A people’s republic at the edge - reclaiming the soul of Bangladesh from the claws of betrayal!!!
By all measures of history and justice, Bangladesh should today stand as a sovereign republic shaped by sacrifice, sanctified by blood, and nurtured by the indomitable will of its people. And yet, more than five decades after the Liberation War of 1971—a war in which we lost three million lives and endured the brutal sexual violence of 300,000 women—we find ourselves in a condition that Socrates might have called a corruption of the polis. For today, we are again besieged, not by the tanks and bullets of the Pakistani military, but by a darker, more insidious betrayal: the quiet rehabilitation of those who once sought to destroy us.
In 1971, when the soul of our nation cried for freedom, the Jamaat-e-Islami party chose to become the executioners of that dream. Rather than stand with the people of Bangladesh, they aligned themselves with the occupying Pakistani army, acting as collaborators, murderers, and violators of humanity itself. They were not merely political adversaries; they were agents of genocide. These are not accusations forged in anger—they are truths sealed by blood, recorded in the annals of history and verified by independent tribunals.
To quote Hannah Arendt, “The most radical revolutionary will become a conservative the day after the revolution.” In the case of Jamaat-e-Islami, they were never revolutionaries; they were enemies of the republic from the very beginning. And yet today, they walk among us in suits and ties, embedded in institutions, holding positions of power—without ever having repented, without even acknowledging the existence of Bangladesh as a legitimate nation. This is not just a distortion of justice; it is a defilement of history.
The trials of the worst war criminals—those who orchestrated murder, rape, and systematic annihilation—were meant to be a catharsis for a wounded nation. The War Crimes Tribunal stood as a testament to our commitment to justice. And yet, that fragile bridge to moral rectitude was demolished overnight with the regime change on August 5, 2024, when Prime Minister Sheikh Hasina, the last symbol of the liberation generation, was ousted under dubious and unconstitutional sinister conspiracy orchestrated by the American deep state—principally the CIA—alongside Pakistan’s most nefarious intelligence apparatus, the ISI, in collusion with the Jamaat-e-Islami butchers and their malevolent local accomplices.

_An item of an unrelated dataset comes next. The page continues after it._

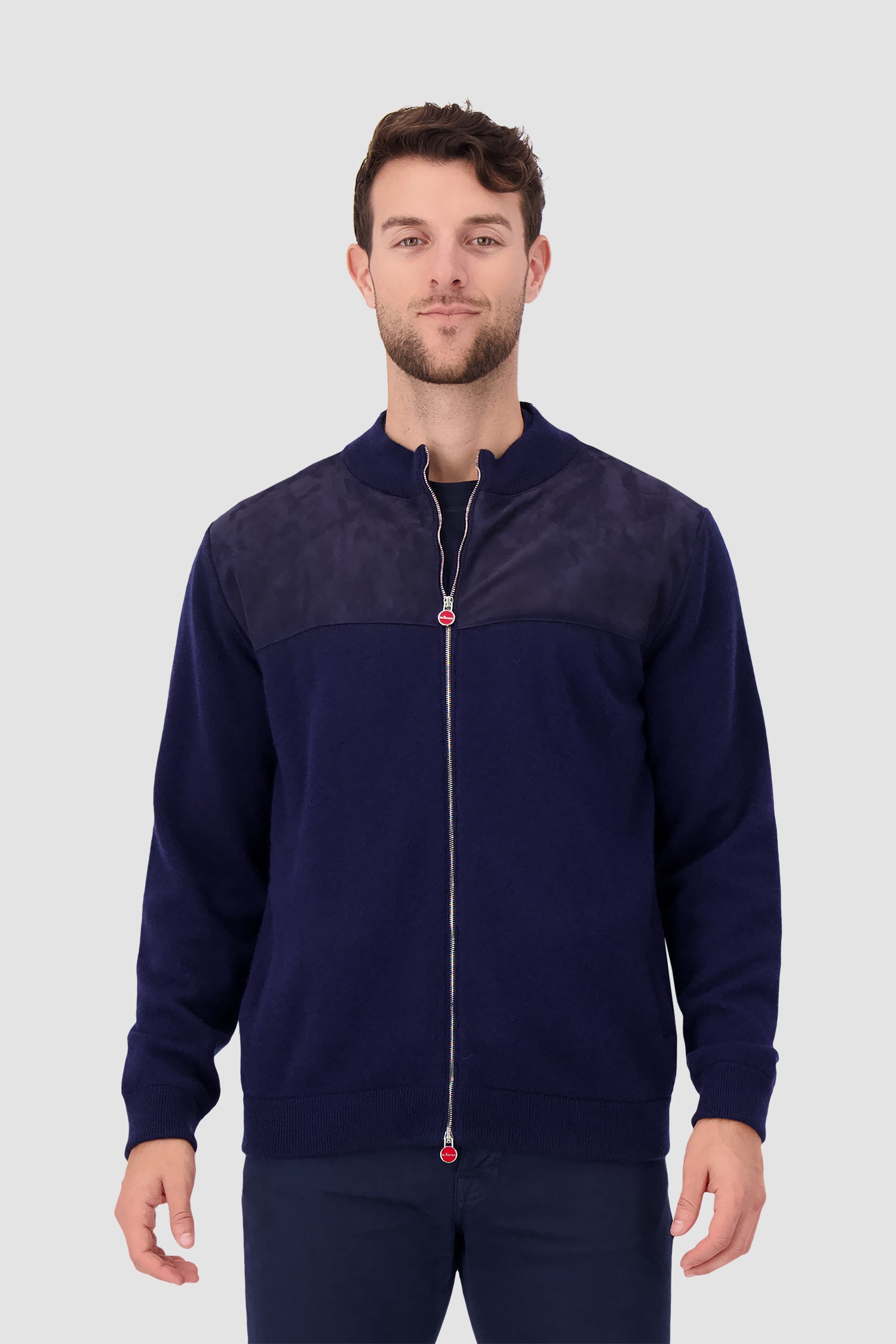 Kiton Navy Cardigan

What followed was not merely a political transition; it was a full-scale hijacking of the state. Within three days, on August 8, 2024, the interim government, led by Yunus, came to power—not through the will of the people, but through orchestration from within and manipulation from beyond. Like Macbeth who stole kingship through treachery and then clutched his throne with bloodied hands, this regime has neither the moral nor the legal legitimacy to govern.
And yet, it governs. Worse still, it governs with the direct support of those who once bathed this land in blood. The old collaborators now wear new faces, but their ideologies remain unchanged. They have infiltrated every level of our bureaucracy, our private sector, our academic institutions, and our judiciary. Their hands are on the levers of power, steering our nation not toward progress, but into a pit of historical amnesia and ideological decay to cast Bangladesh into the shadows of a Taliban-stylus night—where reason is exiled, freedom shackled, and the republic crumbles into the farce of a banana state, echoing only the dirge of lost dreams.

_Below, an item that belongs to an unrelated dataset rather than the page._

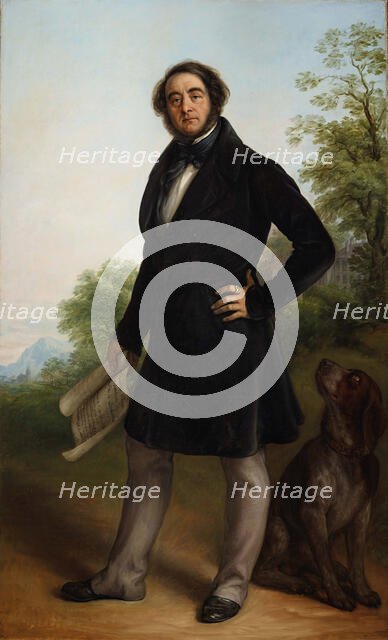 Portrait of Pietro Andrea Spini (1783-1855), after 1832. Creator: Carnovali, Giovanni (1804-1873).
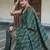 Green soft silk blend banarasi jacuard work designer party wear saree with unstitched blouse piece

As Nietzsche warned, “He who fights with monsters should look to it that he himself does not become a monster.” But what happens when the monsters themselves are allowed to return, cloaked in legitimacy, while the guardians of freedom are silenced or sidelined? We are in such a moment. A point where the founding truths of our nation are being actively erased, and replaced with a revisionist narrative that seeks to equate the victims and the perpetrators.
Let it be known: Bangladesh is not a playground for moral relativism. The horrors of 1971 cannot be rationalized, nor can they be negotiated away for political expediency. To forgive without repentance is not justice; it is complicity. And to release convicted war criminals back into the streets under legal pretense is not due process; it is a perversion of law.
We cannot speak of reconciliation when the wounds are still fresh and the perpetrators remain unrepentant. Martin Luther King Jr. reminded us that “peace is not merely the absence of tension, but the presence of justice.” And justice is what has been denied to our martyrs, our mothers, and our future generations.
Today, the spirit of our Liberation War—once our north star—is being buried under the weight of political cowardice and international indifference. The foreign powers that once supported our birth are now complicit in our re-colonization through silence or shadowy deals. And the local forces that should have stood guard over our republic have instead turned their backs, seduced by power or silenced by fear.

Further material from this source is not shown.